Last Friday afternoon saw a curious ceremony take place at Times Square in downtown Detroit, where artist and world-famous widow Yoko Ono was on hand to dedicate one of her famed "wishing trees." Ono characterizes the trees as living, growing sculptures, and she has apparently planted many of them around our fair globe. Visitors are encouraged to whisper their wishes to the tree, which is of the ginkgo variety.

On hand for the ceremony were Mayor Archer, city cultural affairs czarina Marilyn Wheaton, DIA Director Graham Beale and a smattering of suburban art collectors, curious onlookers, and several super-nerdy Beatles/Ono fans.

I also spied Book Beat’s Cary Loren, doggedly yet unsuccessfully attempting to secure Yoko’s John Hancock on her 1995 Instruction Paintings book which Loren had brought down for the occasion.

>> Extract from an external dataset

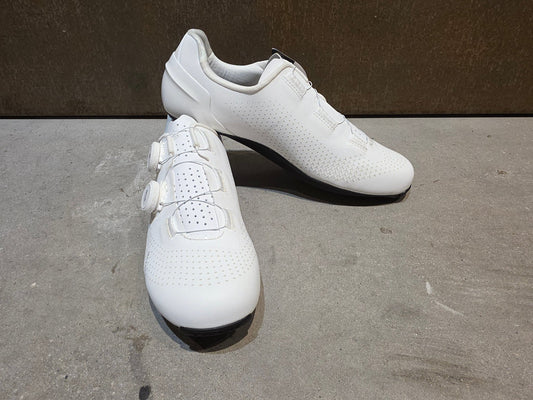 RR - Herrenschuhe von Trek, TREK VELOCIS RENNRADSCHUH / WHITE vor USEDBIKES - OB.DE Hintergrund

Just across Grand River Avenue and overlooking the Times Square park is the Parker Webb Building, the top floor of which holds local builder Gilbert "Buzz" Silverman’s world-renowned collection of Fluxus art, the loosely affiliated avant-garde group of post-dada 1960s-’70s artists of which Ono was a part. Silverman
has quite a few Ono pieces in his collection, and the planting of the tree effectively gave him another, or at least a prime view of her "living sculpture."

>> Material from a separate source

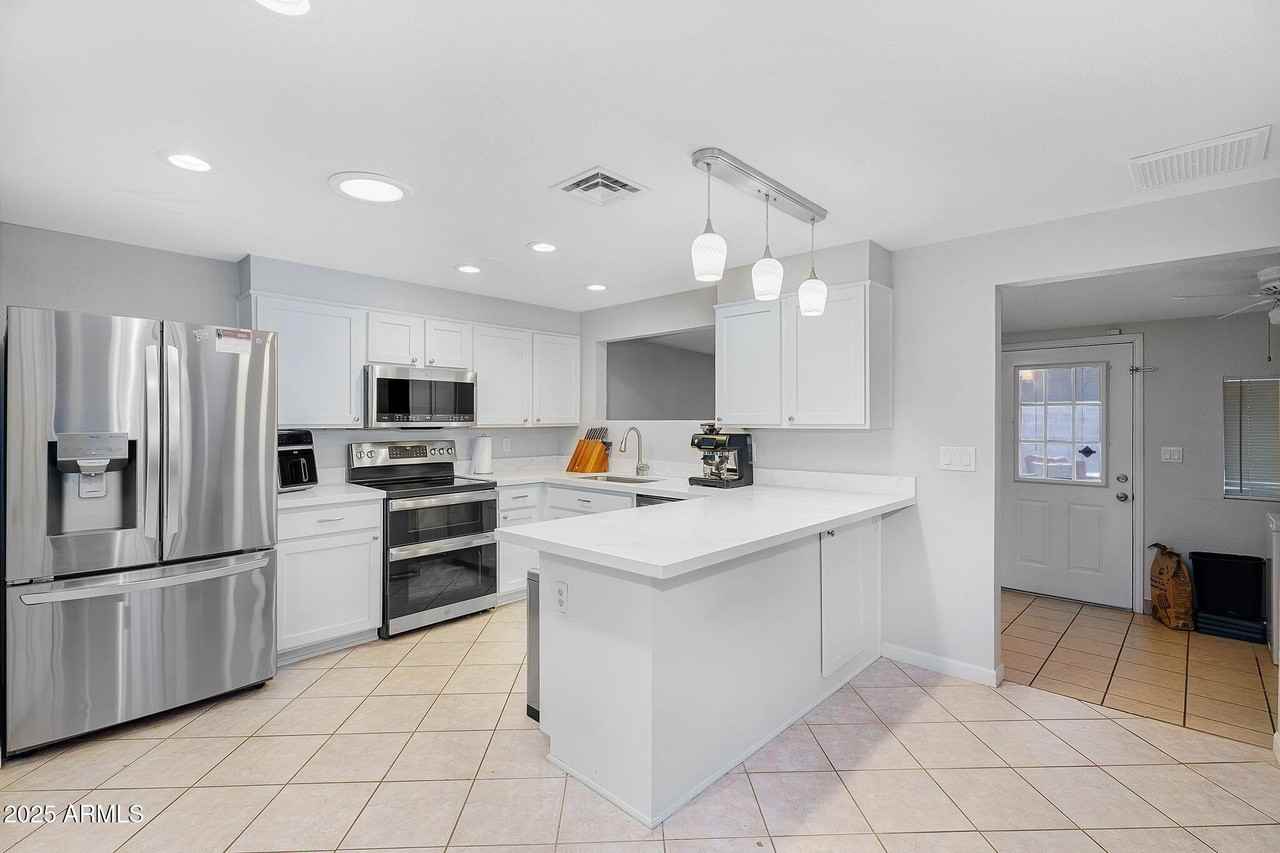 1511 W Mesquite St - Photo 7 of 34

After the ceremony, a select group of dignitaries and art-collecting suburbanites were allowed access to the Parker Webb building for a reception. I joined up with Matthew Moore and Daniel Gillies, students who had motored down from the Center for Creative Studies for the occasion, as we attempted to drop in on the post-dedication reception. Our efforts were sharply rebuffed, however, by the detached intercom voice at the door, as he crisply rejected our entry, while simultaneously telling the woman in front of us the password code. Duh. Thanks for the key.
Given the police presence right behind me, I decided to forgo the opportunity and spent a few moments avoiding the nervous superfan clutching Beatles memorabilia on the sidewalk.

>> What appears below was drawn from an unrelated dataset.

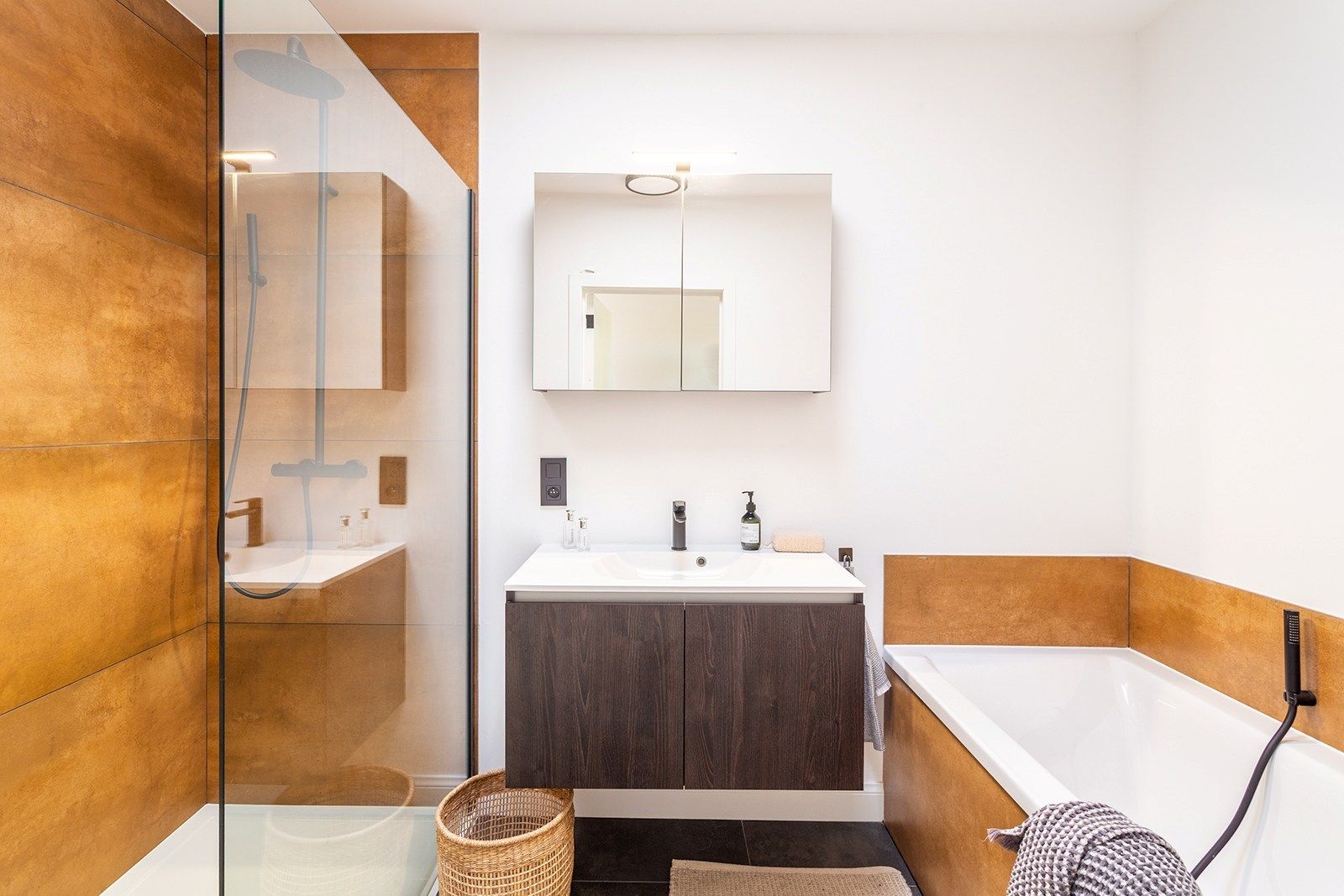 Penthouse met zonneterras in hartje Berchem foto 22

After the reception, everyone piled into their BMWs, Jags, Mercedes and SUVs and caravanned over to the Detroit Club for lunch, approximately three short blocks away. One can only hope the little ginkgo tree wasn’t choked by the exhaust fumes.
By the way, the Detroit Club, once a bastion of overstuffed, old world, Commander McBragg-style pipe-puffing, has certainly shaken off the mothballs as well as its dress code, as Ono had no problem getting past the doorman in her tennis shoes (of course, they were of the Chanel variety).

In other news, local squirrels, fauna and homeless folks were said to be rejoicing at the prospect of free ginkgo biloba in the Times Square neighborhood.